> Source material
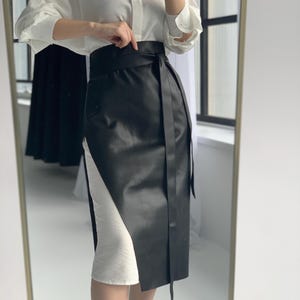 Long Belt Skirt for Every Day Vegan Leather Peplum Belt Under Bust Basque Belt Gift for Sister Plus Size Waist Corset Belt Basque Waist Belt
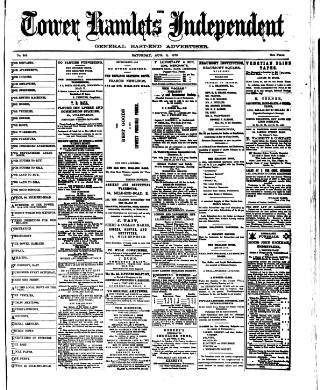 cover page of Tower Hamlets Independent and East End Local Advertiser published on August 2, 1873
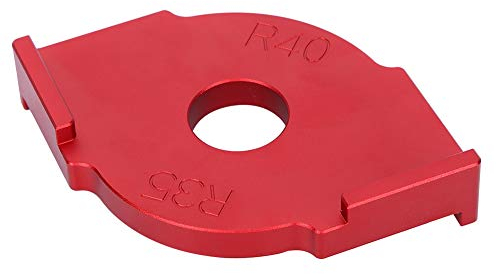 LiebeWH Aluminio Mesa de Fresadora Carpinteria Esquina Radio Plantilla Panel Madera Rápido Brocas Plantilla Ángulo Alta Precisión Localizador Carpintería Herramienta - Rojo R35-R40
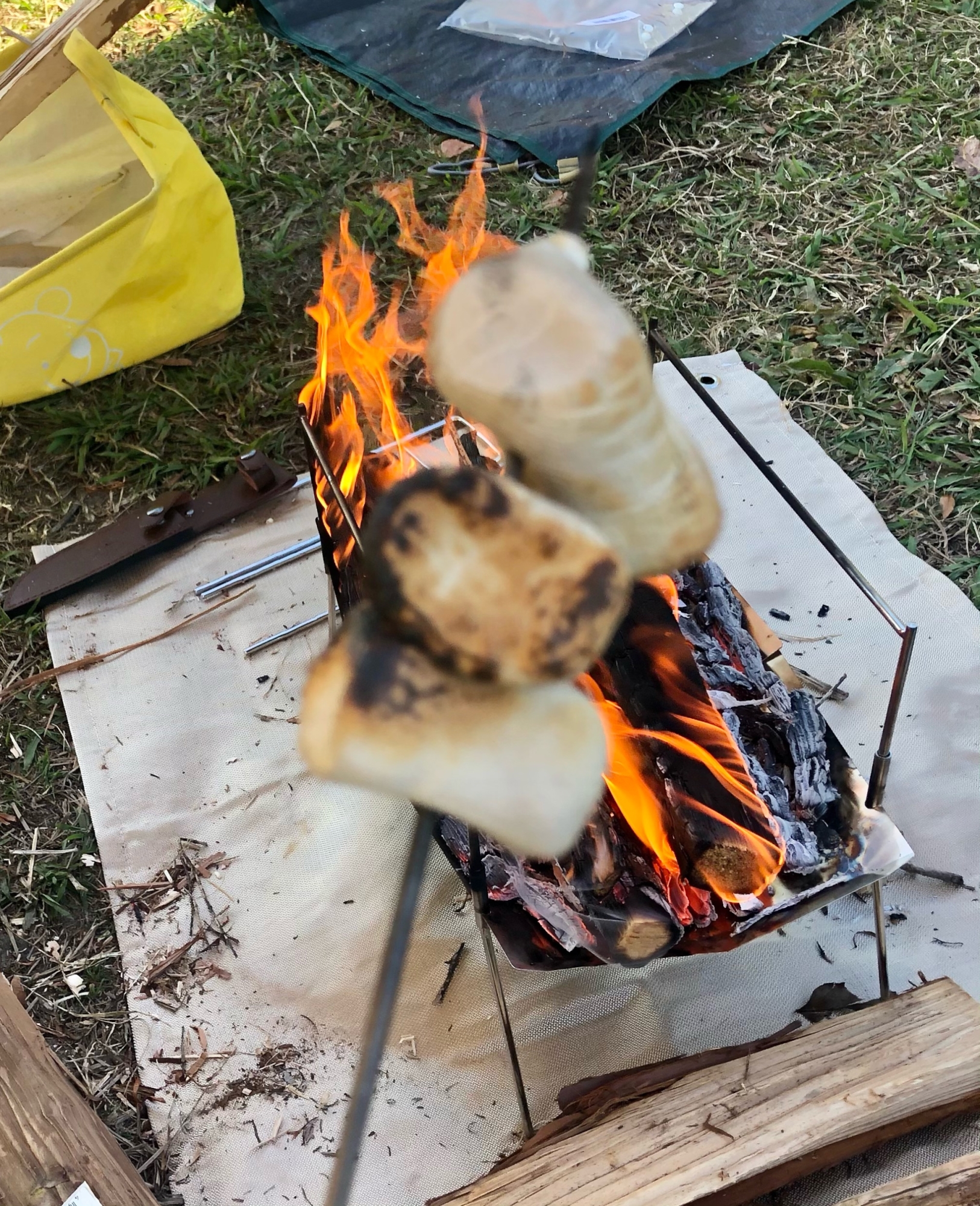 キャンプ飯スィーツ☆焚き火で焼きマシュマロ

> Task prompt
When you write out the material above, keep every line exact and drop each picture.

> Answer to this problem
 Long Belt Skirt for Every Day Vegan Leather Peplum Belt Under Bust Basque Belt Gift for Sister Plus Size Waist Corset Belt Basque Waist Belt
 cover page of Tower Hamlets Independent and East End Local Advertiser published on August 2, 1873
 LiebeWH Aluminio Mesa de Fresadora Carpinteria Esquina Radio Plantilla Panel Madera Rápido Brocas Plantilla Ángulo Alta Precisión Localizador Carpintería Herramienta - Rojo R35-R40
 キャンプ飯スィーツ☆焚き火で焼きマシュマロ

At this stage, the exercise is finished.